Question

A thin uniform circular ring is rolling down an inclined plane of inclination $30^\circ$ without slipping. Its linear acceleration along the inclined plane will be
A. $\dfrac{g}{2}$
B. $\dfrac{g}{3}$
C. $\dfrac{g}{4}$
D. $\dfrac{{2g}}{3}$

Answer 1

First, the diagram has to be drawn as per the given problems. The moment of inertia for a ring is needed here. Also, the formula of the acceleration has to be applied maintaining the condition for the object rolling on a plane. The inclination is given and this is to be used in the formula of acceleration. The acceleration will be in terms of the gravitational acceleration.

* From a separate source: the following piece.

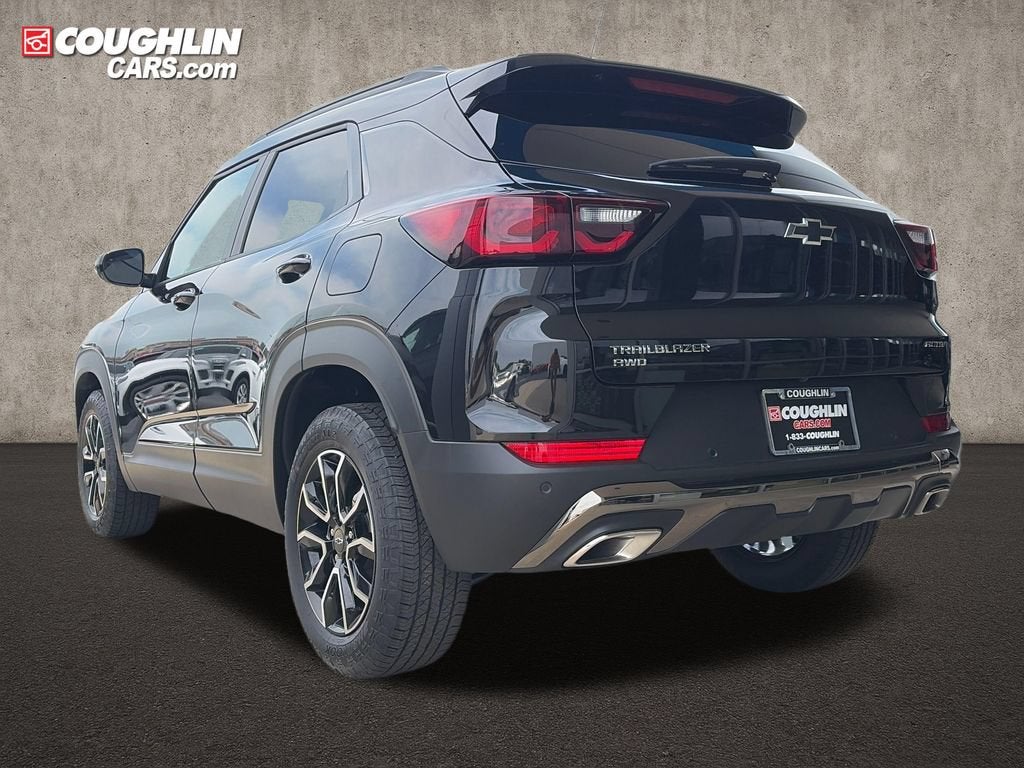 2026 Chevrolet Trailblazer ACTIV
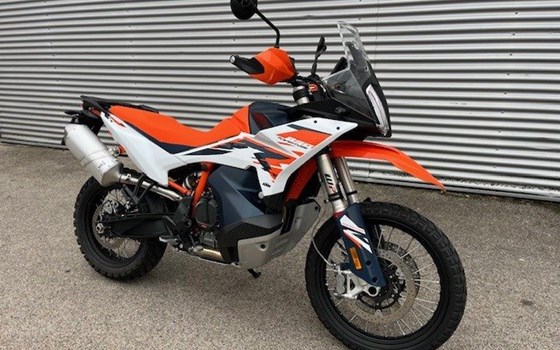 Gebrauchtmotorrad KTM 890 Adventure R - Bild 3 Gebrauchtmotorrad KTM 890 Adventure R - Bild 3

Complete step by step answer:
There may be a kind of acceleration to check translational and rotational. An example for this is the stimpmeter in golf. It has a constant translational acceleration and increasing translational velocity here, it has a constant rotational angular acceleration so the angular velocity gets increased.

For ring,
$I = M{R^2}$
When the object rolling on a plane then the acceleration will be as follows,
$a = \dfrac{{g\sin \theta }}{{1 + \dfrac{I}{{M{R^2}}}}}$
The given plane inclination is $30^\circ$.Now substitute this value in the above equation we get,
$a = \dfrac{{g\sin 30^\circ }}{{1 + \dfrac{{M{R^2}}}{{M{R^2}}}}}$
For further simplification, the acceleration will be,
$a = \dfrac{{g\sin 30^\circ }}{{2}}$
On putting $\sin 30^\circ = \dfrac{1}{2}$, we get
$\therefore a = \dfrac{g}{4}$

Hence, the correct answer is an option C.

Note: If the velocity is increased constantly concerning the time then the acceleration will be constant the rate of displacement gets increased. The angular acceleration and rolling velocity are directly proportional to each other. If the air resistance is zero then the acceleration will be constant. And hence the velocity will be increased. If the air resistance is present the examples are, inflated beach balls, the net force drops with increasing speed. if the acceleration is reduced then the velocity increases more slowly.